The records below must be returned exactly, with every picture left out.

►

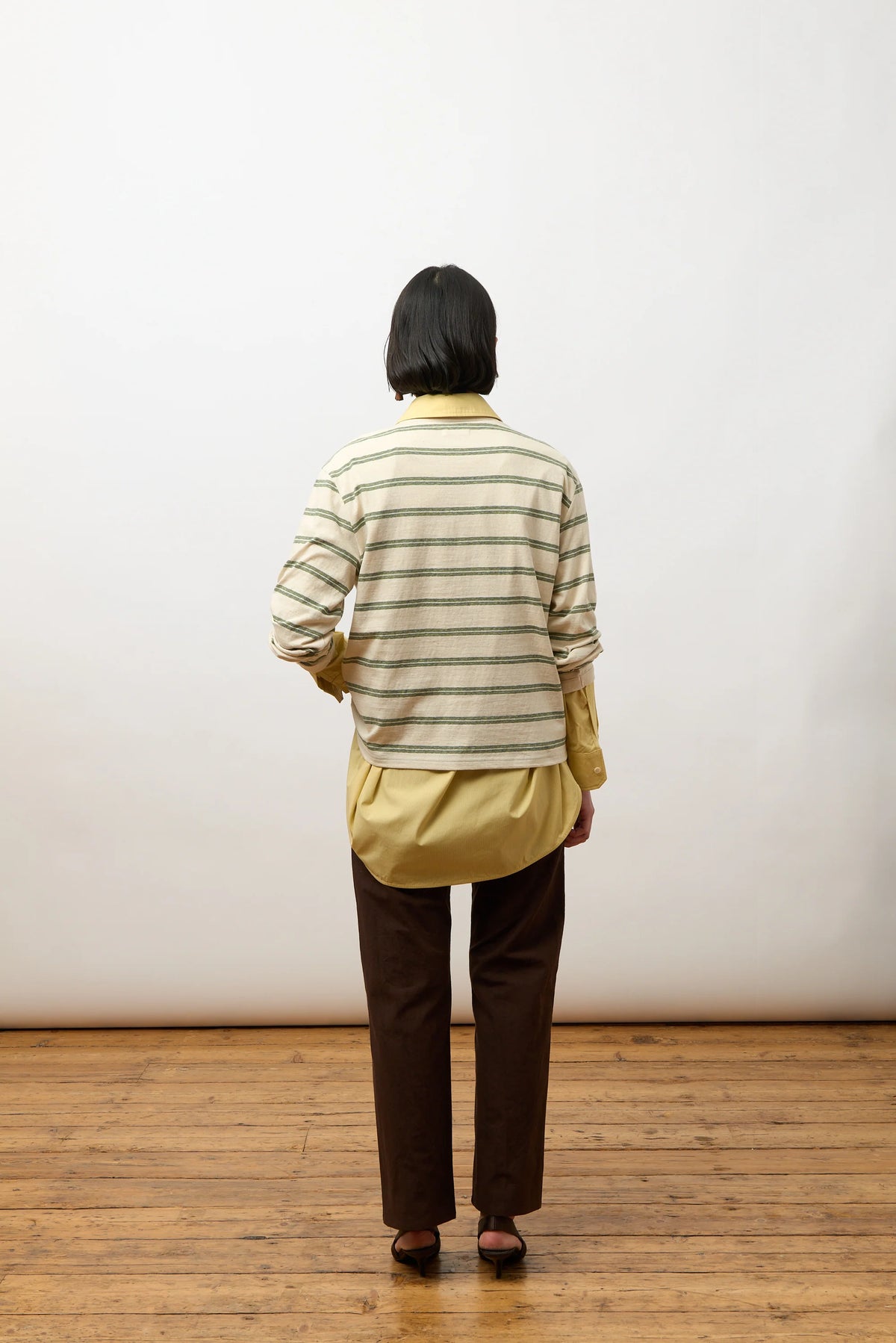 Cawley Japanese Striped Jersey LS T-Shirt / Ecru + Green + Blue Stripe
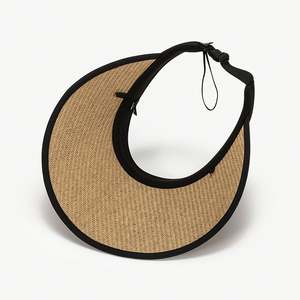 Chapeau de soleil pliable en paille naturelle pour femme, visière creuse, idéal pour le cyclisme en extérieur, vente en gros d'usine - Product Image 3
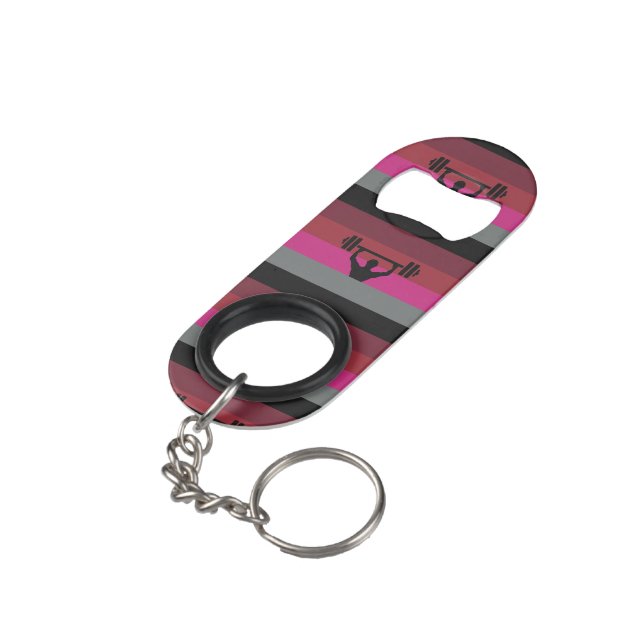 MUSCLE PRIDE FLAG KEYCHAIN BOTTLE OPENER (Back Angled)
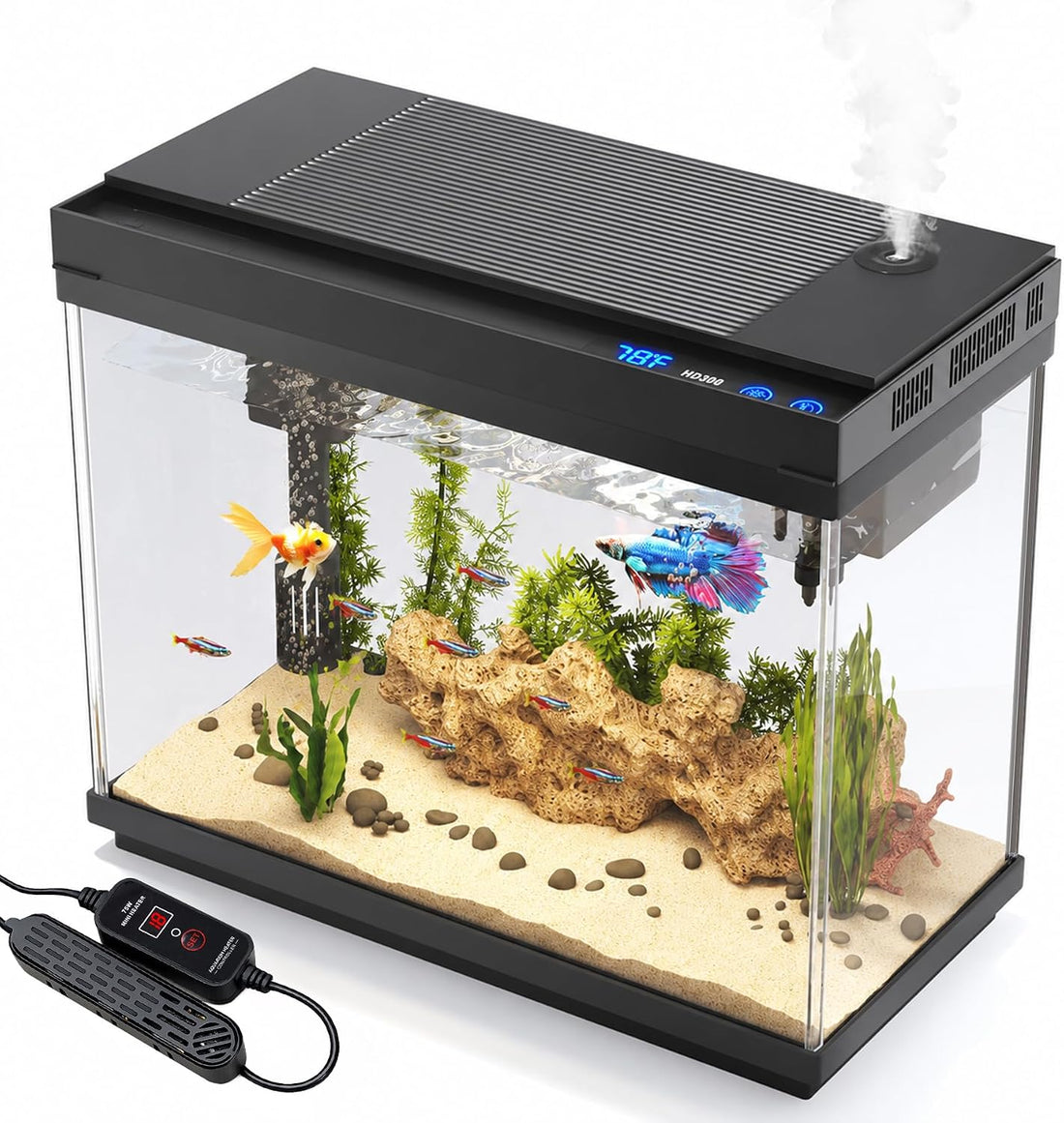 Vehipa Fish Tank, 2.4-Gallon Aquarium Starter Kit with 3-in-1 Quiet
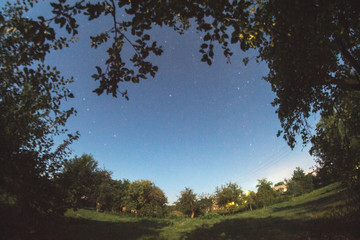 Starry sky in the summer evening over the village.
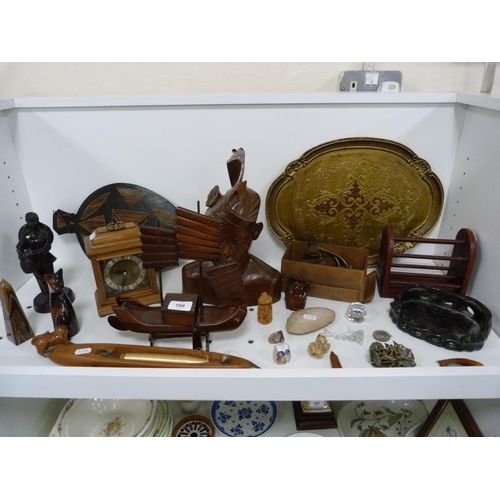 166 - Pair of vintage spurs, carved treen mantel clock etc.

◄

- [ANSWER FOR THIS EXERCISE]:
 Cawley Japanese Striped Jersey LS T-Shirt / Ecru + Green + Blue Stripe
 Chapeau de soleil pliable en paille naturelle pour femme, visière creuse, idéal pour le cyclisme en extérieur, vente en gros d'usine - Product Image 3
 MUSCLE PRIDE FLAG KEYCHAIN BOTTLE OPENER (Back Angled)
 Vehipa Fish Tank, 2.4-Gallon Aquarium Starter Kit with 3-in-1 Quiet
 Starry sky in the summer evening over the village.
 166 - Pair of vintage spurs, carved treen mantel clock etc.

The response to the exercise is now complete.